Matthew 4:12-17 draws on Mark 1:14-15 and has a parallel text in Luke 4:14–15.
Matthew 4:18-22 draws on Mark 1:16–20 and has a parallel text in Luke 5:1–11.
Matthew 4:23-25 draws on Mark 1:35–39 and has a parallel text in Luke 4:44 and 6:17–19)
This text follows on immediately after Matthew’s account of the Temptations in the Wilderness – see Matthew 4:1-11. Matthew begins the story of Jesus’ ministry here. Importantly he makes it clear that Jesus and his ministry fulfill the prophecies of old. Like each of the Synoptics he situates that ministry in Galilee: “Galilee is the place in which Jesus’ public ministry began. Except for the final days in Jerusalem his ministry was confined to Galilee according to the Synoptic Gospels” (Daniel J Harrington, The Gospel of Matthew, Collegeville, MINN: Liturgical Press, 2007, 73).
“Since his community probably lived near (or even in) Galilee, this geographical setting would have carried special significance for Matthew’s readers” (Daniel Harrington, op cit, 74).
There are three distinct sections to Matthew 4:12-23:
- 4:12-17 – Jesus’ return to Nazareth after John’s arrest; the references to Isaiah 8:22–9:1 indicate that this has been as God willed it.
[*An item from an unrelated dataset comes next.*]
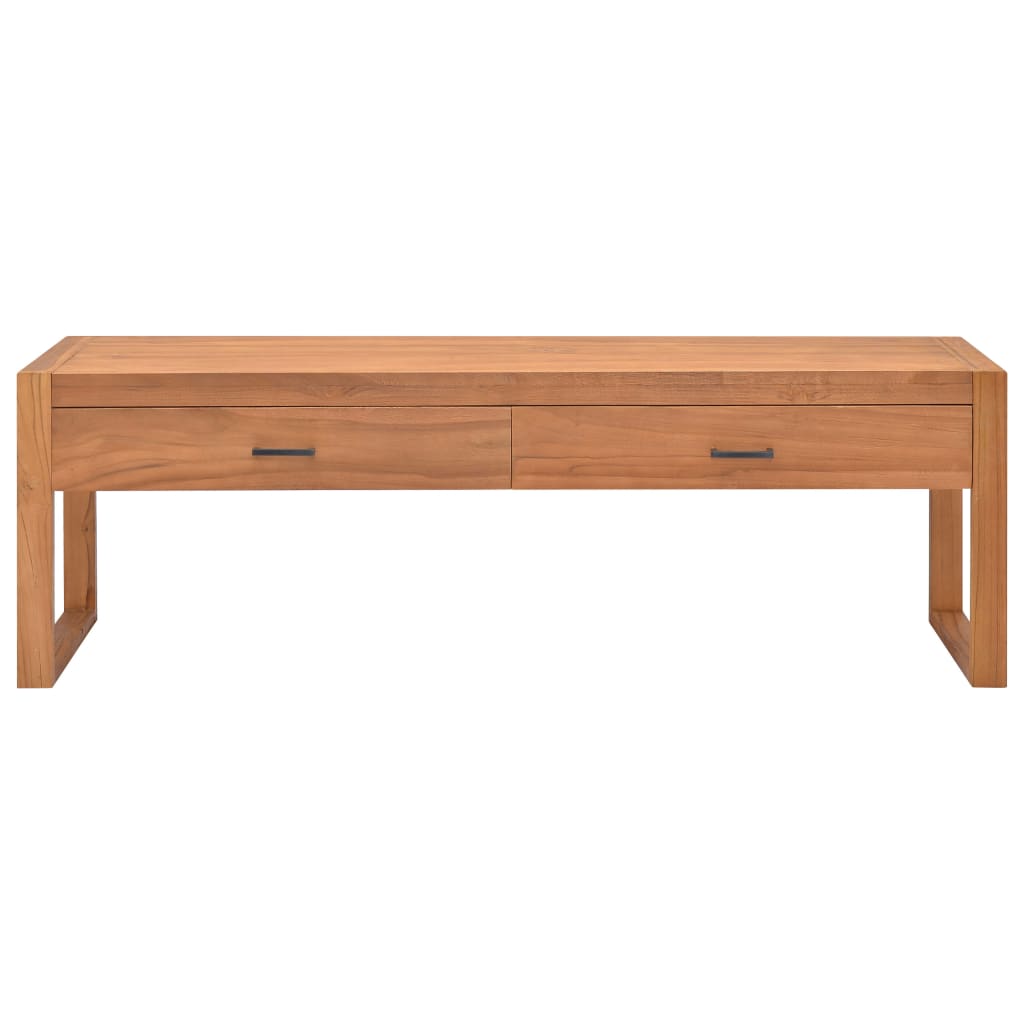 Vidaxl tv-meubel 140x40x45 cm teakhout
- 4:18–22 – Jesus calls his first disciples: Simon Peter and Andrew, James and John, the manner of which is unusual as it was “customary in Jewish circles that disciples should search out a teacher (as in John 1:35–42). Here, however, Jesus takes the initiative by choosing and summoning those whom he wanted to be his disciples” (Daniel Harrington, op cit, 74-5). We are thus introduced to Jesus’ inner-circle wo will be there throughout the Gospel.
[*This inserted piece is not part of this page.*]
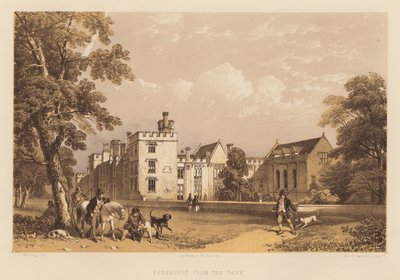 Penshurst vom Park aus von James Duffield Harding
- 4:23–25 – a summary statement of the ministry of Jesus and the response of the people; this sets the context for the paradigmatic Sermon on the Mount which follows – seem Matthew 5:1-7:29.
“While modern readers cannot experience the same kind of geographical identification that Matthew’s first readers did, they can appreciate the major theological themes of Matthew’s account of Jesus’ early ministry in Galilee: the close relation between John and Jesus, Jesus’ movements in accord with God’s will, the extraordinary attractiveness of Jesus in calling his first disciples, and the positive response to him from many different areas. Nevertheless the geographical dimension should not be neglected in preaching and teaching, for it is part of the Christian doctrine of the incarnation. Without attention to the concrete historical circumstances of Jesus’ ministry, Christian faith runs the risk of being misperceived as a body of abstract propositions. All Christians need a basic familiarity with the land of Israel” (Ibid)
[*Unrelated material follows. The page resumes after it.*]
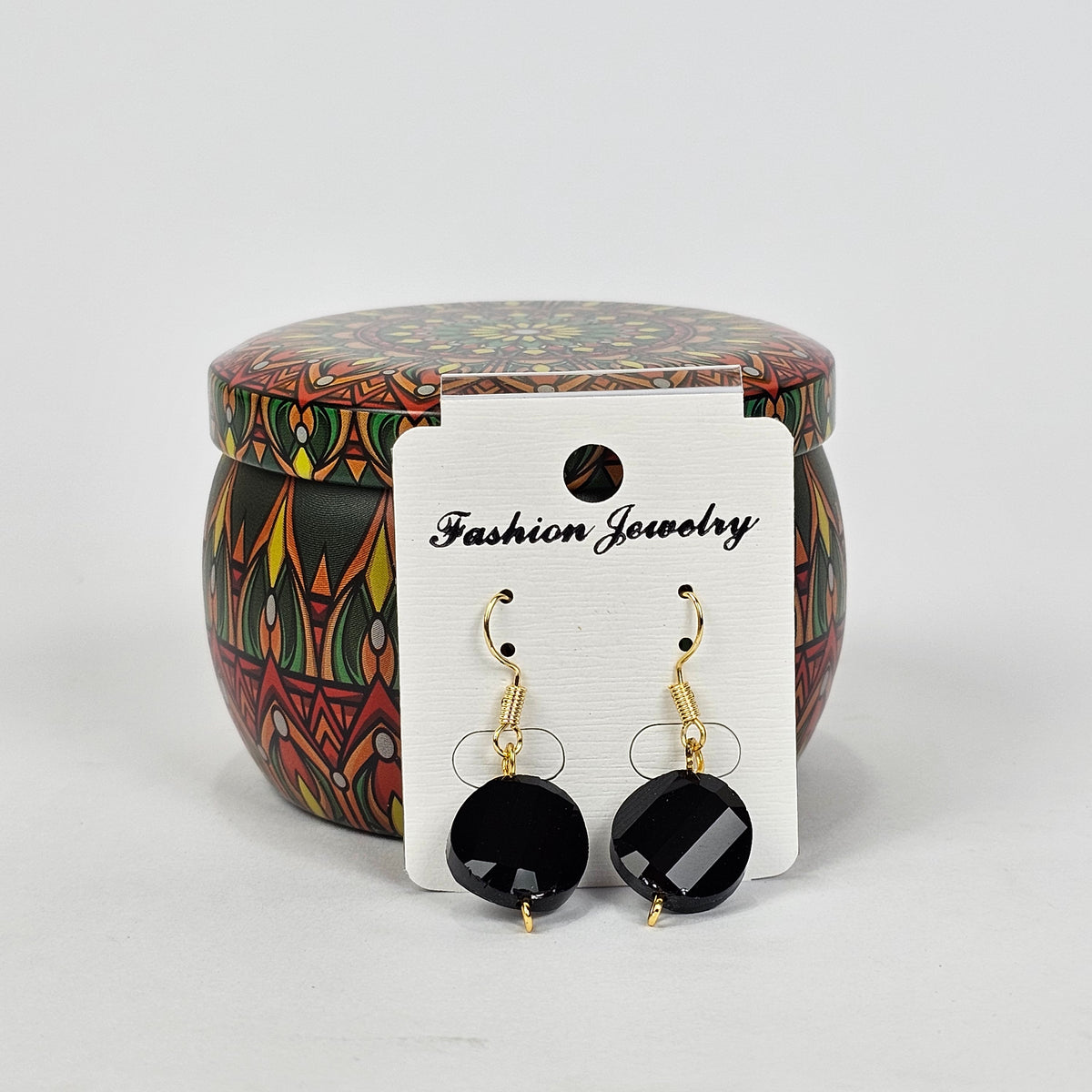 Round Earrings - 150-013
John had been arrested: The Greek word paradidōmi – here translated as “arrest” – means literally “hand over”, “deliver” or “betray”. The same verb is used a number of times in Matthew’s passion narrative – see for example Matt 26:15, 16 & 21. The links between John the Baptist and Jesus are profound.
Capernaum: This town is on the northwest shore of the Sea of Galilee in the general area allotted to the tribes of Zebulon and Naphtali. It is some distance from Nazareth, which is in the center of Lower Galilee. Capernaum becomes the home-base of Jesus’ ministry. This does not prevent him expressing a severe prophecy concerning Capernaum – see Matthew 11:23.
the kingdom of heaven has come near: See Mark 1:14b–15. Matthew uses the characteristic expressions, “kingdom of heaven” rather than “kingdom of God”. Jesus’ message echoes that of John the Baptist – see Matthew 3:2.
fish for people: Clearly a call to mission. Given the importance of the fishing business on the Sea of Galilee at that time – and these men owned their own boats and equipment – those first disciples are depicted as leaving a secure and stable lifestyle for something that could hardly be said to be secure and stable. Their decision is based entirely on their experience of Jesus.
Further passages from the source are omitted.